Michelet, the historian, showed his extreme aversion to the First Napoleon by describing him as “without eyelashes or eyebrows; with a small quantity of hair of an uncertain brown; with eyes gray, like a pane of glass, wherein one sees nothing; in short, an incomplete and obscure impersonality which appears phantasmagorical.”
GREAT EVENTS FROM LITTLE CAUSES.
Fortuna quæ plurimum potest, cum in aliis rebus, tum præcipue in bello, in parvis momentis magnus rerum mutationes efficit.—Cæsar, De Bello Civili.
In Poor Richard’s Almanac, 1758, Franklin quotes,—“He adviseth to circumspection and care even in the smallest matters, because sometimes ‘A little neglect may breed great mischief,’ adding, ‘For want of a nail the shoe was lost; for want of a shoe the horse was lost; for want of a horse the rider was lost’; being overtaken and slain by the enemy, all for want of care about a horse-shoe nail.” And St. James (ch. iii. v. 5) gives a fine illustration in respect to the government of the tongue, “Behold how great a matter a little fire kindleth.”
In the relations of cause and consequence there must, of course, be many greater causes in readiness to act. An accidental spark may blow up a fortress—provided there be gunpowder in the magazine. But it is as legitimate as it is curious to trace the successive links of a chain of events back to small accidents.
“How momentous,” says Campbell, “are the results of apparently trivial circumstances! When Mahomet was flying from his enemies, he took refuge in a cave; which his pursuers would have entered, if they had not seen a spider’s web at the entrance.
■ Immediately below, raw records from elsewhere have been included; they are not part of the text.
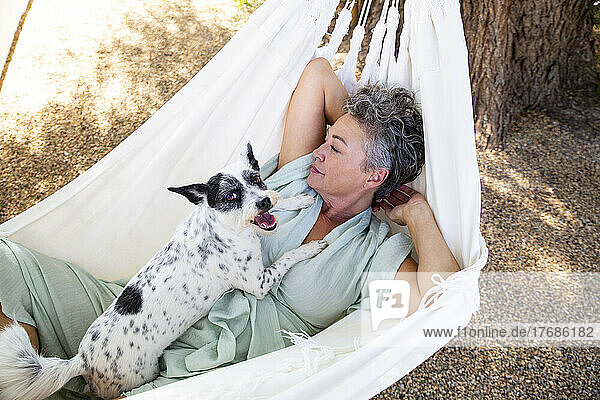 Woman with dog lying in hammock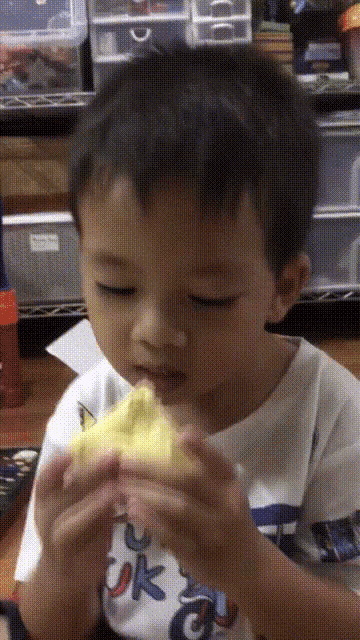 a young boy wearing a t-shirt that says ok is eating a piece of food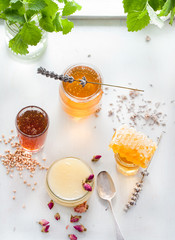 Honey variaty with bee's comb in a glass jurs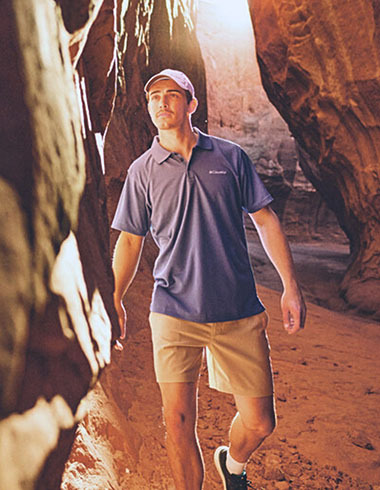 Man walking through a canyon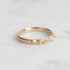 Gold ring with engraved design on a light gray background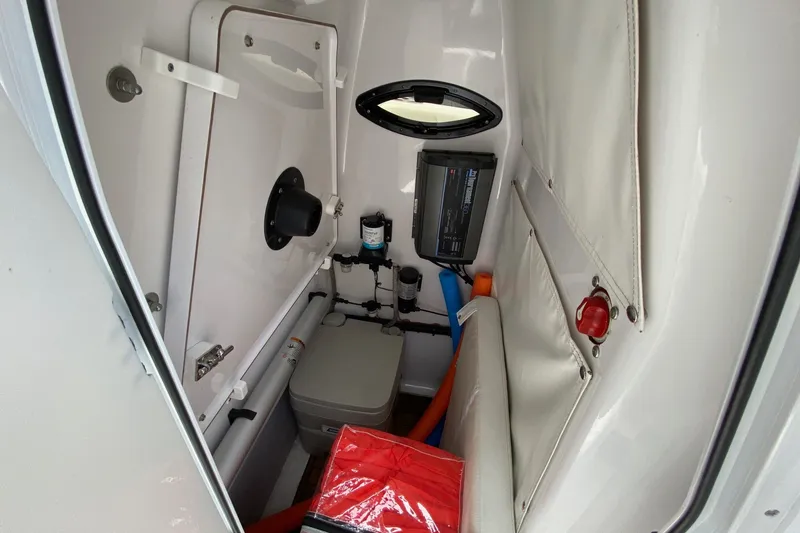 Slide: The Image of Interior of 2018 Sportsman Open 242 Center Console boat, featuring storage and equipment. - 23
Not knowing that it was freshly woven, they passed by, and thus a spider’s web changed the history of the world.”
When Louis VII., to obey the injunctions of his bishops, cropped his hair and shaved his beard, Eleanor, his consort, found him, with this unusual appearance, very ridiculous, and soon very contemptible. She revenged herself as she thought proper, and the poor shaved king obtained a divorce. She then married the Count of Anjou, afterwards Henry II. of England. She had for her marriage-dower the rich provinces of Poitou and Guienne; and this was the origin of those wars which for three hundred years ravaged France, and cost the French three millions of men. All this probably had never occurred had Louis not been so rash as to crop his head, and shave his beard, by which he became so disgustful in the eyes of Queen Eleanor.
Warton mentions, in his Notes on Pope, that the Treaty of Utrecht was occasioned by a quarrel between the Duchess of Marlborough and Queen Anne about a pair of gloves.
The expedition to the island of Ré was undertaken to gratify a foolish and romantic passion of the Duke of Buckingham.
The coquetry of the daughter of Count Julian introduced the Saracens into Spain.